At Fasanara, we add to the list the ‘Peak PEG Ratio’ (read here a full working definition), a measure of how expensive a stock is relative to its ability to generate earnings. In single stocks, the PEG ratio is commonly used, as is rationale for investors to have the will to pay higher multiples for stocks capable of generating high growth. Yet, for indexes, this is rarely done. If and when you do, this is the incontrovertible result:

We consider cyclically-adjusted earnings, like Prof Shiller institutionalized (and won a Nobel doing). To counter one of its most frequent critics, to have included non-normal conditions during the Lehman crisis, we just consider the two top quarters in earnings in the last 40. In spite of that, the resulting pic is still a NASA Space Shuttle that left the orbit.

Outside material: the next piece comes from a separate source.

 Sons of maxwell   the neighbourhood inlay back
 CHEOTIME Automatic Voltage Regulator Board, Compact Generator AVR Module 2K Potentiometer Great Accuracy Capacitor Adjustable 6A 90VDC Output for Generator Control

The cartel of ZIRP, 5trn US QE, 5trn US Buybacks, and now late-cycle 1.4trn tax cuts sugar-rush did not go unnoticed in markets. The S&P qualifies as the most expensive in history and pre-history. When compared to potential economic growth, multiples on the S&P500 exceed even those seen during the Tech Bubble in 2000. When measured against potential growth, even against its peak earnings in 10 years, the S&P has never before been this expensive before. It is approx. 60% above its historical average fair value.

How Expensive Is The Bond Market In Europe

The biggest bond bubble out there is in Europe, where real and nominal rates are still negative in spite of ebullient global equities. Bond yields are historically aligned with growth and inflation rates, according to basic valuation models. Why not, then, draw their historical simple relationship to them, in ratio format. This is what the ‘Real Rate to Growth Ratio’ does (read here a full definition), no more no less. And this is the self-explanatory Chart that results:

When compared to trend growth, government bonds in core Europe have rarely been as expensive as they are today. They are 250/300 basis point away from equilibrium.

How Much More Expensive Can They Get

Not much further, perhaps. This is what we find out in our studies on market structure and what we call the Tipping Points Analysis (‘TPA’). Our analysis is available in this e-Book, and is further discussed in slides 16 and 17 in this presentation.

Nobody Cares

Let’s be clear: nobody cares about valuations these days in markets. The lack of care is visible across the spectrum of investable assets, public and private: Equities, Bonds, High Yield, Emerging Markets, Venture Capital, Private Equity, Real Estate. It seems that we live through the apotheosis of what Nassim Taleb calls the ‘Bob Rubin trade’: my profit, your losses. A perverse incentive scheme is heavily skewed for money managers to not care, and moral hazard to disseminate across. Regulators, more strangely but not uncommonly to history, turn a blind eye, as ‘you cannot know a bubble, except in retrospect’, they lament. There is crowding in Academics too, Rob Arnott would probably say. Or worse, the ‘Portfolio Balance Channel Theory’ of Ben Bernanke actively goal-sought this out, as output to the experimental model. Call it the key to kick-off ‘animal spirit’ or ‘trickle-down economics’, elegantly.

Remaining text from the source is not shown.